Eventually one just picked up the other and through him into the bleachers, breaking a few minor bones. After initially raising his arms in righteous triumph he was led away by some polite referees and angry parents, never to be seen again (by me). There was briefly talk that I would still wrestle the maimed one, but his coach decided that was a bad idea, and I wholeheartedly agreed.
And that's the story of how I went to state.
Smooth Segue
It's also why I have a soft spot for default judgment cases, like the one Judge Williams decided yesterday
Actual Legal News
The complaint in Mentone Solutions LLC v. Cobham Technologies, Inc., C.A. No. 22-131-GBW, is probably the shortest I've ever seen in a patent case, coming in at a scant 3 pages. It did, however attach a claim chart showing how the accused product allegedly infringed a claim of the patent in suit (although it relied pretty much entirely on the products use of a the DC-HSPA+ standard).
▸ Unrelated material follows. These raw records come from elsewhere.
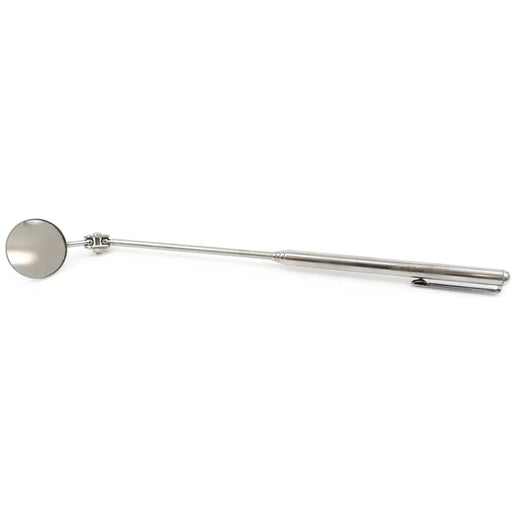 INSIZE MEASURING EQUIPMENT Insize Telescoping Inspection Mirror Ø32mm Series 7160-1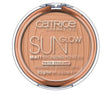 CATRICE SUN GLOW MATT bronzing powder in Universal Bronze , Makeup by CATRICE. Merkmale: . Verfügbar bei ParfümReich.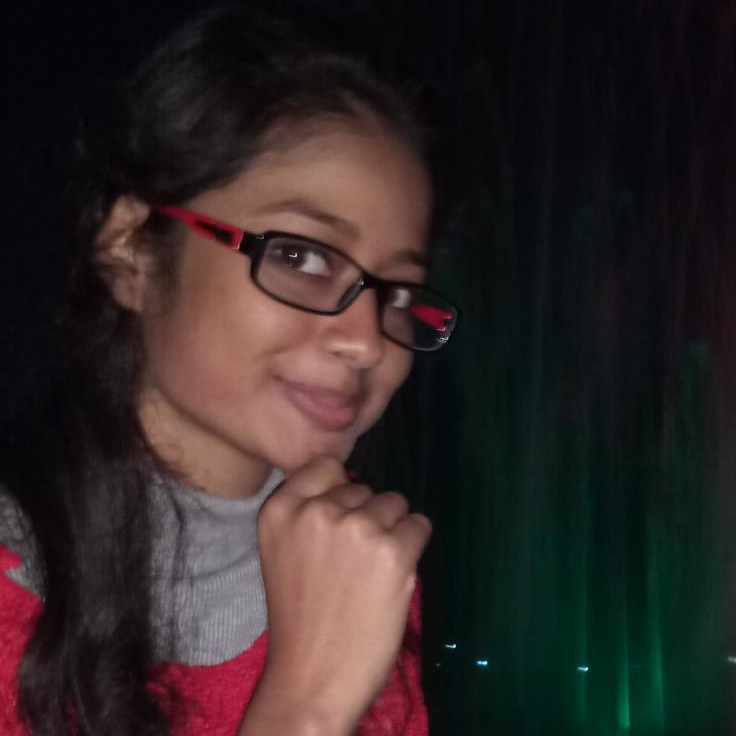Deepa Kumari
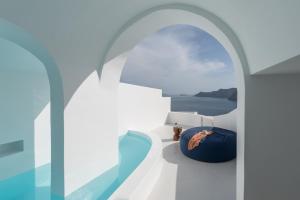 Aspaki by Art Maisons Santorini Greece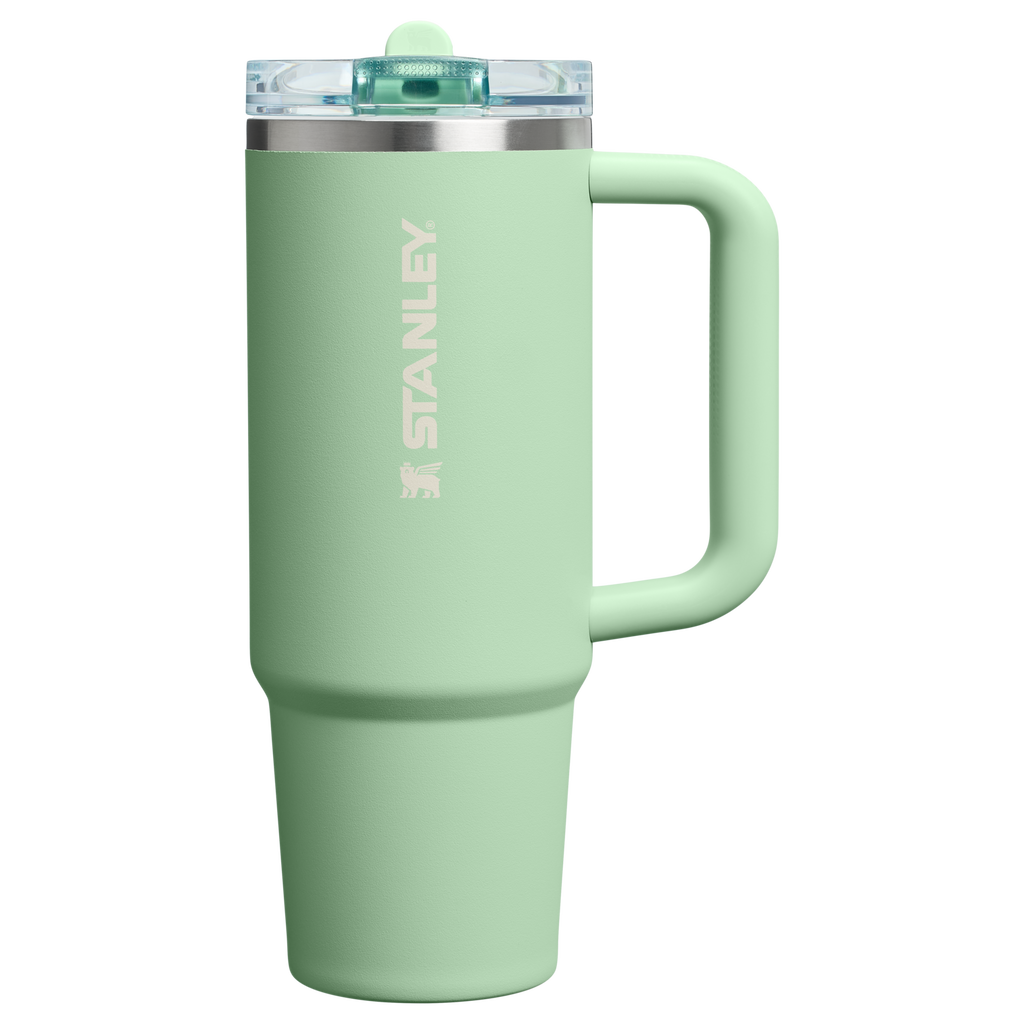 The Quencher ProTour Flip Straw Tumbler | 30 OZ - Stanley Create
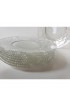 Home Tableware & Barware | Starlight Hazel Atlas Crystal Depression Glass Luncheon Plates - Set of 8 - JJ66296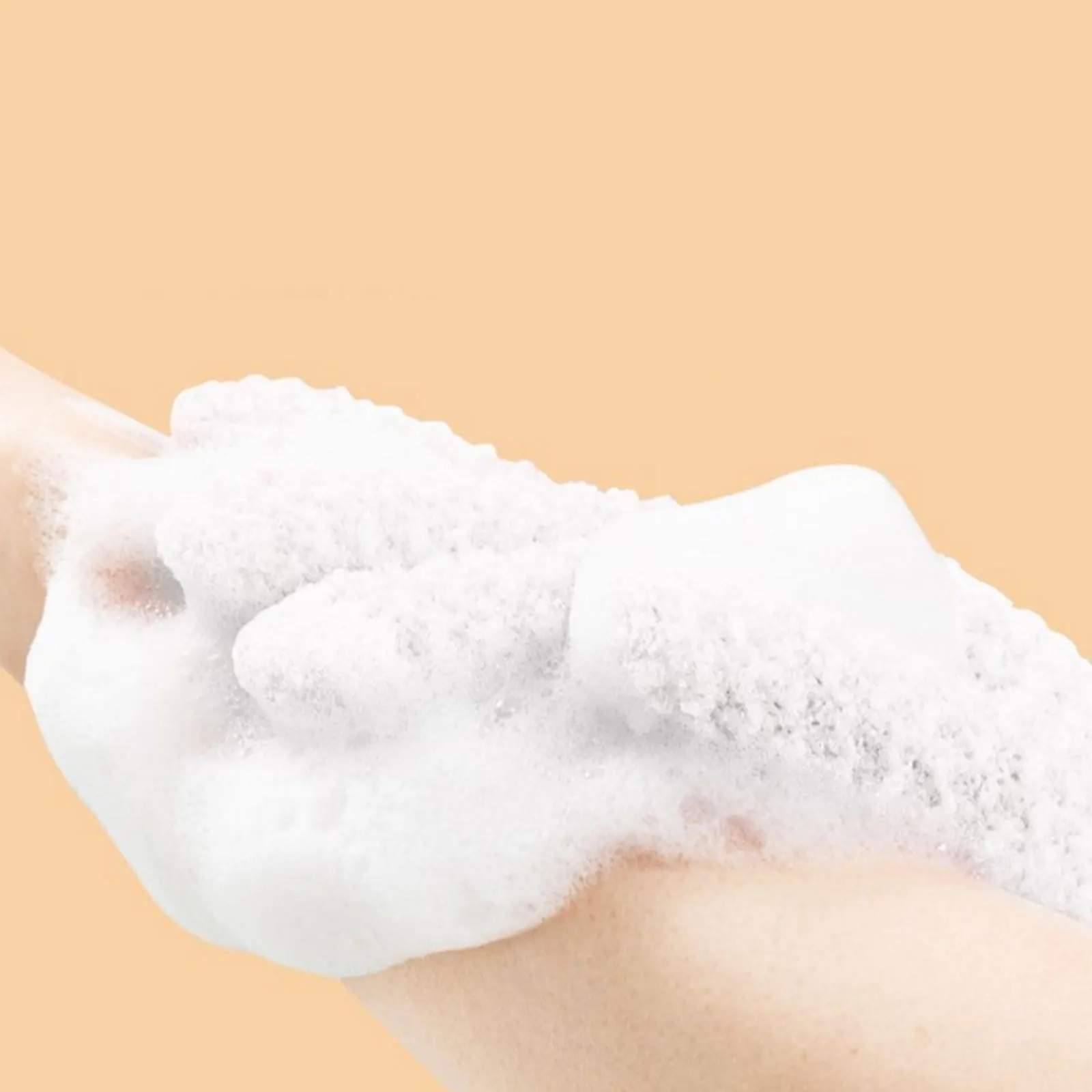 8pcs Bath Mittens Gloves Exfoliating Shower Skin Cleaning Tool Body Spa Scrubbing Soft Nylon Safe Gentle Pressure
8pcs Bath Mittens Gloves Exfoliating Shower Skin Cleaning Tool Body Spa Scrubbing Soft Nylon Safe Gentle Pressure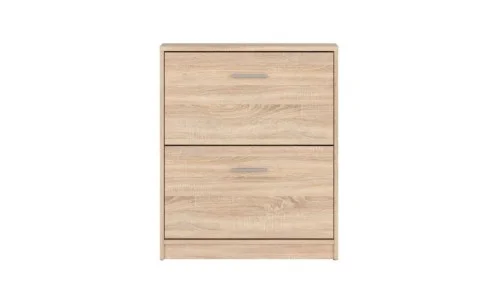 Pantofar Nepo cu 2 Usi SFB2K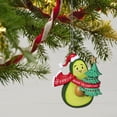thumbnail image 5 of Hallmark Keepsake Christmas Ornament "Guacin' Around the Christmas Tree" Ornament with Sound, 5 of 7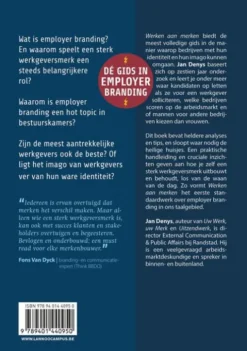 Werken aan merken eBook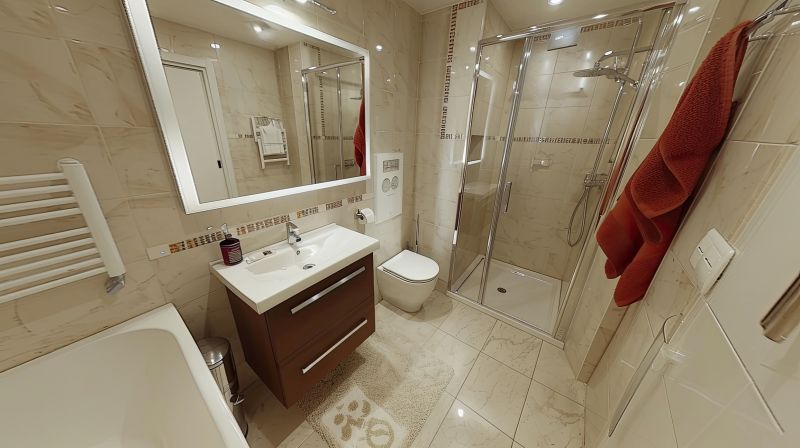 Bathroom Renovation in Cokato, MN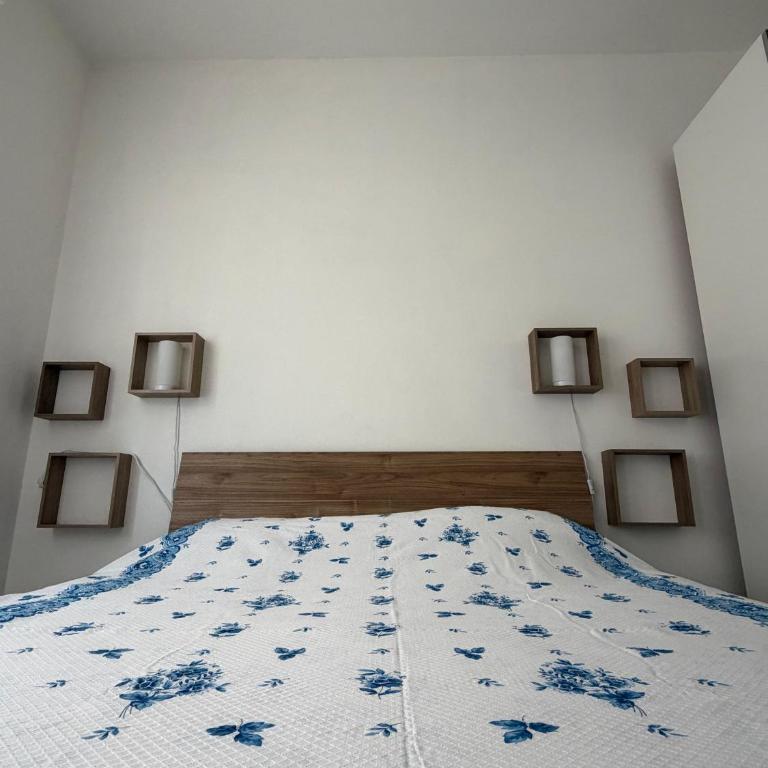 Zuly House - Apartamento de 1 dormitorio - 26
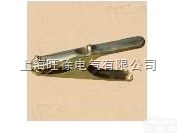 上<em>海旺</em>徐ALL-300-2镀镍地<em>线夹</em>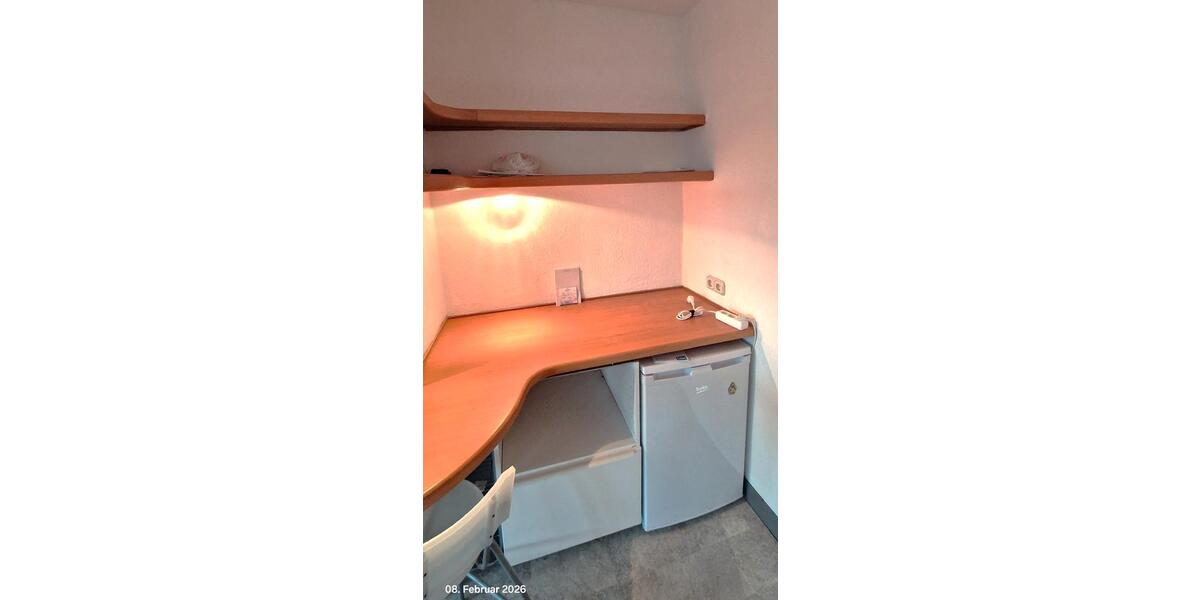 Etagenwohnung Kiel Schreventeich - 1 Zimmer, 30 m&sup2;, 149.000&euro; | Angebot:26365485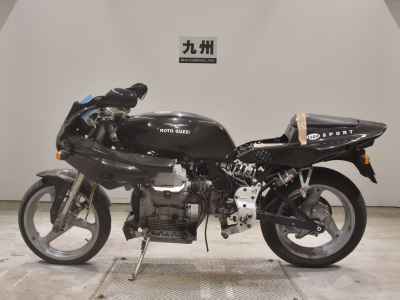 Moto Guzzi 1100 Sport 2026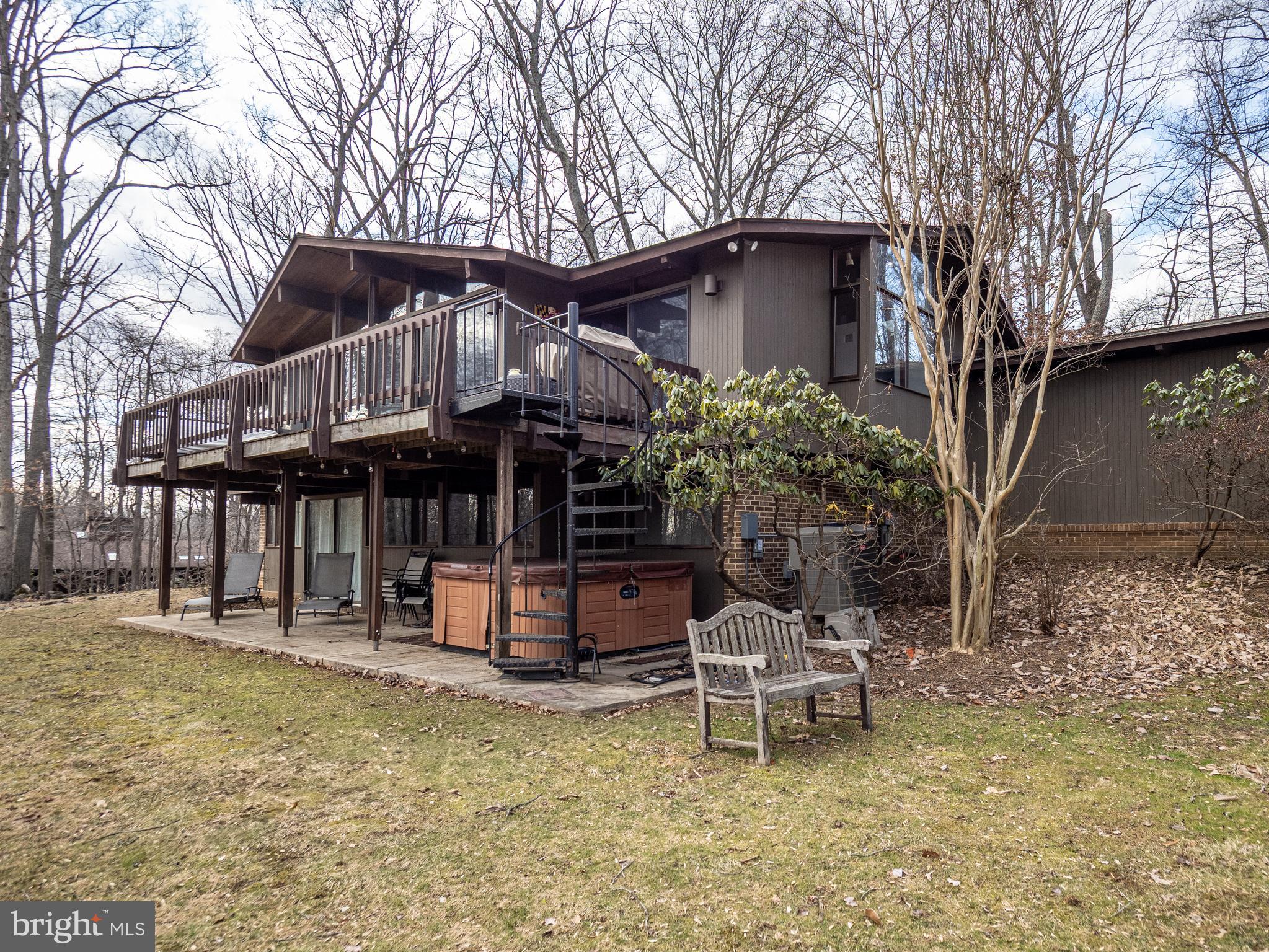 DARNESTOWN KNOLLS - Residential Lease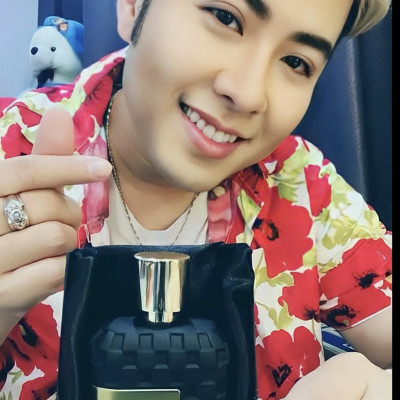 Nước hoa độc quyền damode bullion 100ml dành cho nam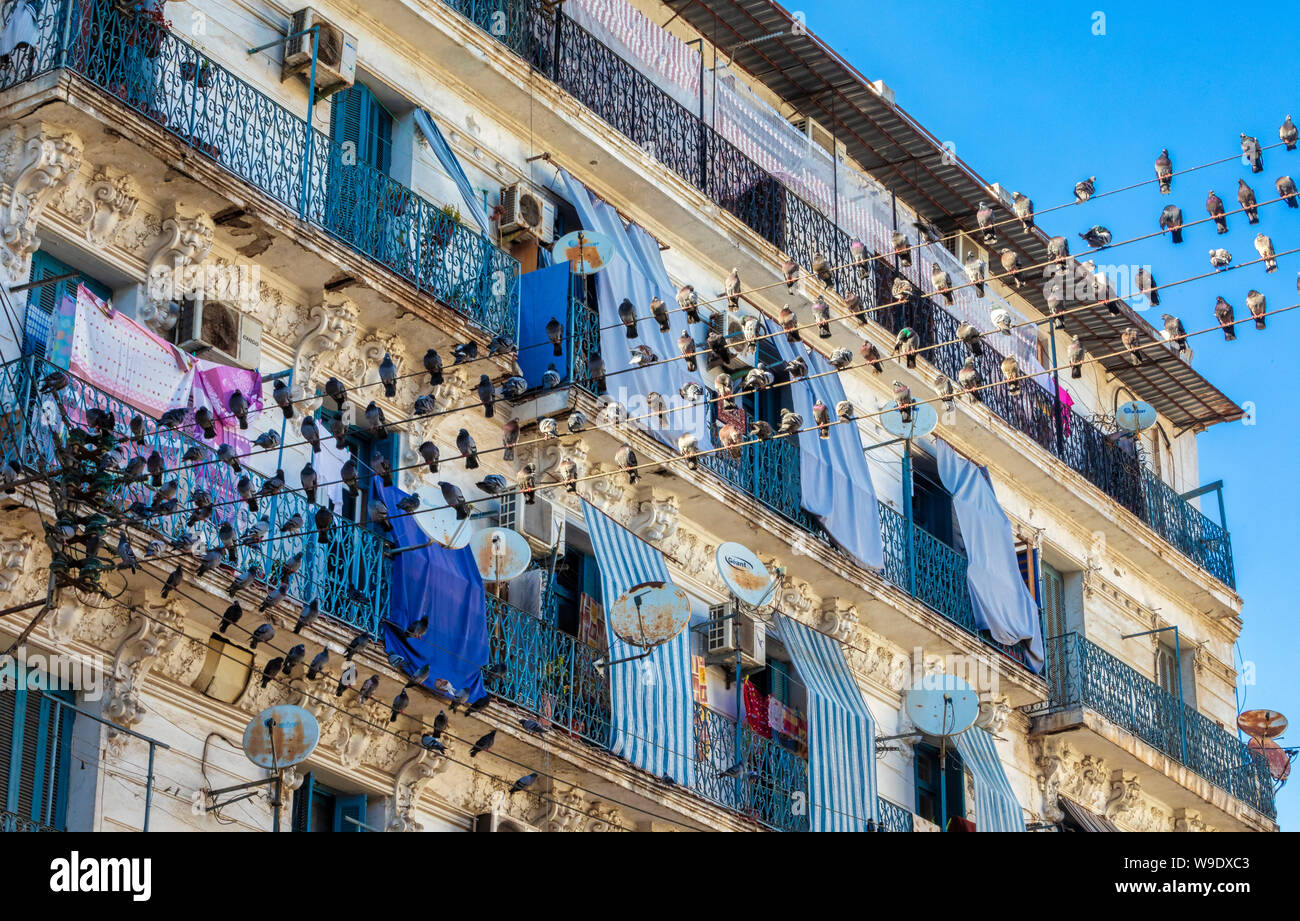 L'Algérie, Banque D'Images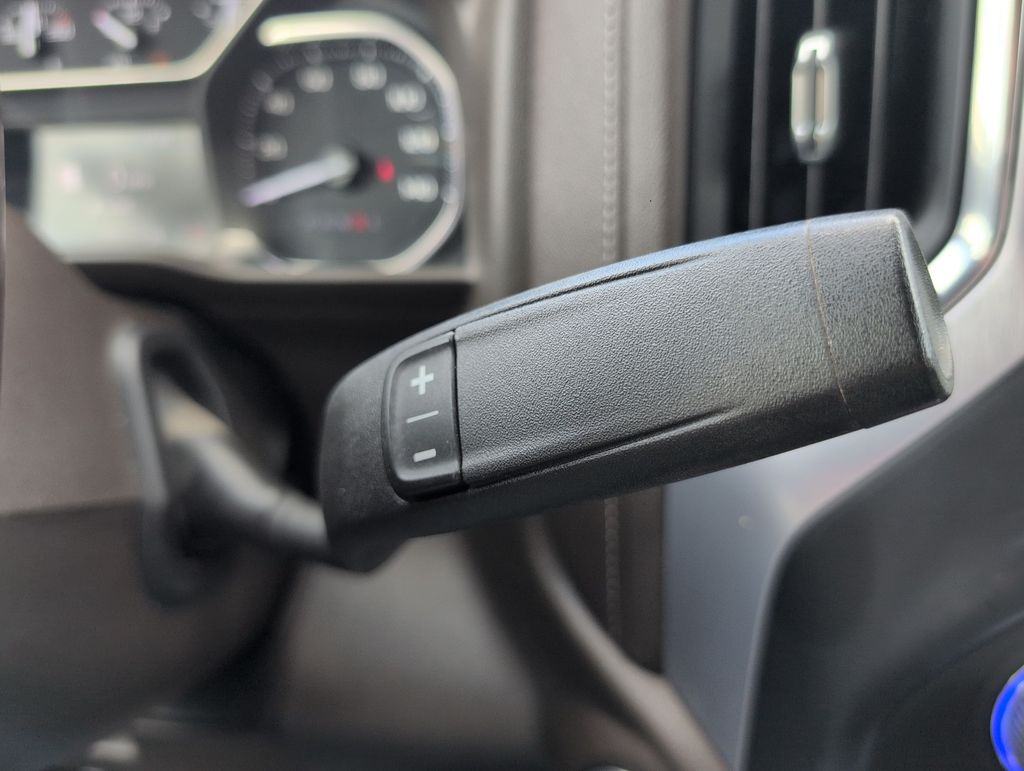 Thumbnail: 2021 GMC Sierra 1500 - 35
The defendant never answered and so a default was entered and plaintiff moved for default judgment. Judge Williams, however, denied the motion for default because the plaintiff failed to show that the "unchallenged facts constitute a legitimate cause of action." Specifically:
Although the Court must take Mentone's factual allegations as true , these factual allegations-which can charitably be described as sparse-fail to establish that Cobham infringed the '413 patent. Specifically, Mentone' s Complaint fails to establish that Cobham made, used, or sold the Accused Instrumentalities in the United States as required to state a claim for direct infringement pursuant to 35 U.S.C. § 271(a). Thus, the Court cannot conclude that "the unchallenged facts constitute a legitimate cause of action" for direct patent infringement.
Mentone, C.A. No. 22-131-GBW (D. Del. Oct. 11, 2022) (Mem. Op.)
Indeed, the only allegation in the complaint referencing an actual infringing act failed to specify that the acts occurred in the US.
Cobham had made, used and sold during the life of the ‘‘413 Patent a series of
products identified as the Explorer 540 BGAN M2M (“Accused Instrumentalities”).
Ultimately, Judge Williams did grant leave for the plaintiff to amend the complaint to correct this deficiency, but noted that doing so would moot the already entered default.